### DATA RECORDS
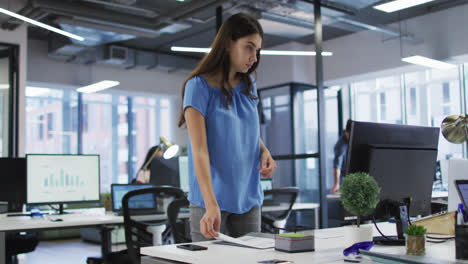 Portrait-of-caucasian-businesswoman-standing-next-to-desk-holding-document-and-smiling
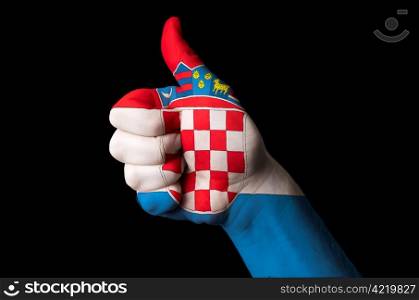 Hand with thumb up gesture colored in croatia national flag as symbol of excellence, achievement, good, - useful for tourism and touristic advertising and also current positive political, cultural, social management of state or country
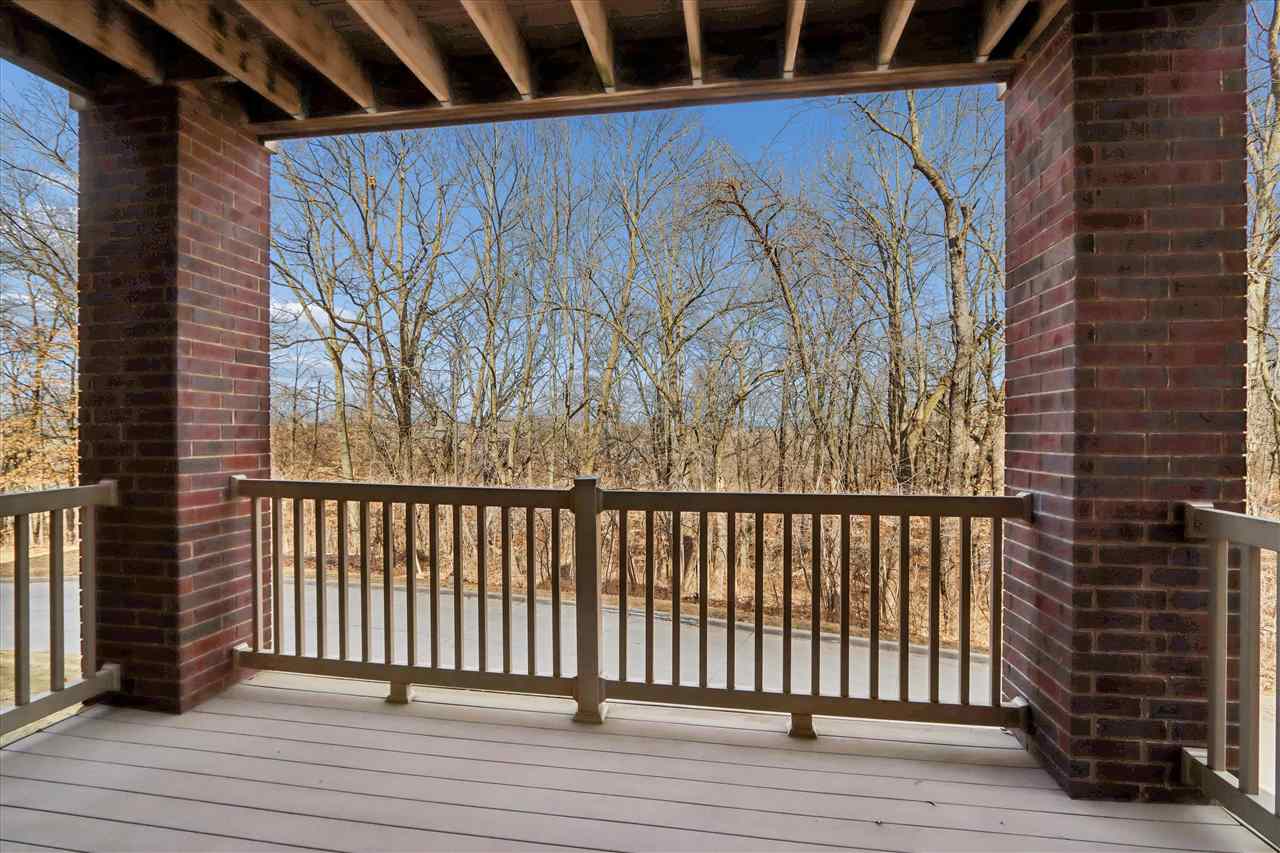 856 Foster Road Iowa City, IA 52245 - Photo 26 of 39 Deck and view of woods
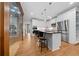 Contemporary kitchen featuring an island with bar stools, wine cellar, and stainless appliances at 3638 Sope Creek Farm Se, Marietta, GA 30067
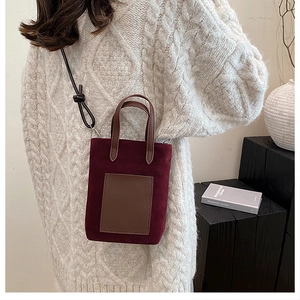 Detail of burgundy velvet crossbody bag with brown leather pocket on knit sweater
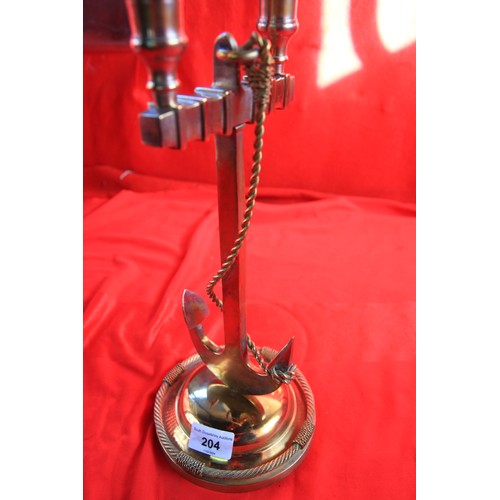 204 - A vintage silver plate candlestick holder in the form of a fouled anchor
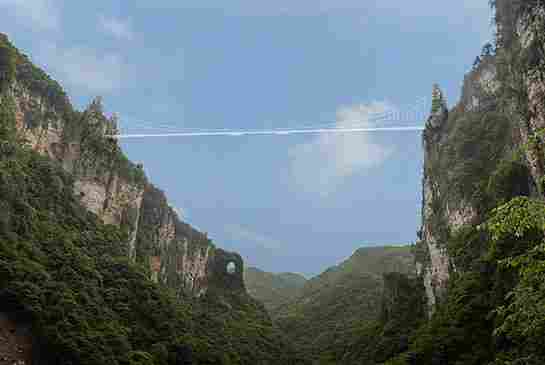 The World’s Tallest and Longest Glass-Bottom Bridge Will Open in China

### WORK TO COMPLETE
Copy out the listing above exactly, and keep the pictures out of it.

### EXERCISE OUTPUT
 Portrait-of-caucasian-businesswoman-standing-next-to-desk-holding-document-and-smiling
 Hand with thumb up gesture colored in croatia national flag as symbol of excellence, achievement, good, - useful for tourism and touristic advertising and also current positive political, cultural, social management of state or country
 856 Foster Road Iowa City, IA 52245 - Photo 26 of 39 Deck and view of woods
 Contemporary kitchen featuring an island with bar stools, wine cellar, and stainless appliances at 3638 Sope Creek Farm Se, Marietta, GA 30067
 Detail of burgundy velvet crossbody bag with brown leather pocket on knit sweater
 204 - A vintage silver plate candlestick holder in the form of a fouled anchor
 The World’s Tallest and Longest Glass-Bottom Bridge Will Open in China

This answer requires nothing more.